BEGIN Exercise data

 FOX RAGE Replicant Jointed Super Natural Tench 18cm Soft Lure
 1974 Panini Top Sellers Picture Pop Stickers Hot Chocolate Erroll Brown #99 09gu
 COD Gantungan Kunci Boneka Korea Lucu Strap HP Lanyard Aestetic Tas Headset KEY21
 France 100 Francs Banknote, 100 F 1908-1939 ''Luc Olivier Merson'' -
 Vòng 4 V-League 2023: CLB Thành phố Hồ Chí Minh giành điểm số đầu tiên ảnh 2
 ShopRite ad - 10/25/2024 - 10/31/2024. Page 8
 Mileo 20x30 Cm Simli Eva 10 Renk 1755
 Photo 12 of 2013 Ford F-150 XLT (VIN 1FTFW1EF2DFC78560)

END Exercise data
BEGIN Exercise data

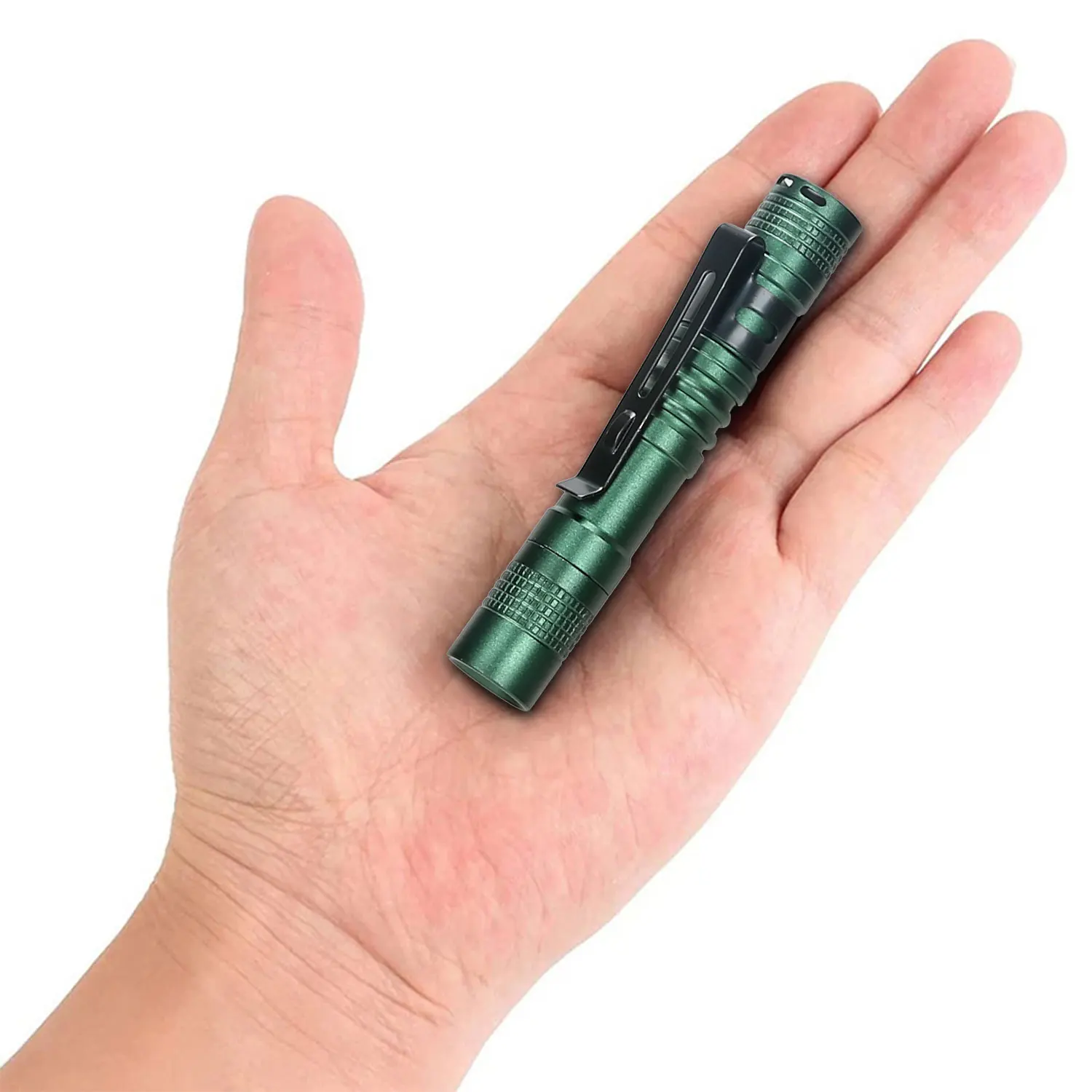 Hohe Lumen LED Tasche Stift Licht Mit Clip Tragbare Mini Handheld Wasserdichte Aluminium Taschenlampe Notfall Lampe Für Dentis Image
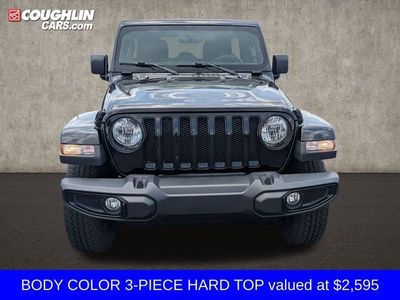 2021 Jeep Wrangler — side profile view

END Exercise data
BEGIN Exercise data

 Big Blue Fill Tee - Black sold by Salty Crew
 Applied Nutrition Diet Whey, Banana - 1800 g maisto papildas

END Exercise data

_Task item:_ Once you find the line with "Mileo 20x30 Cm Simli Eva 10 Renk 1755" above, print it and every line after it up to and including the line with "Photo 12 of", exactly as written and nothing else.

_Response area:_
 Mileo 20x30 Cm Simli Eva 10 Renk 1755
 Photo 12 of 2013 Ford F-150 XLT (VIN 1FTFW1EF2DFC78560)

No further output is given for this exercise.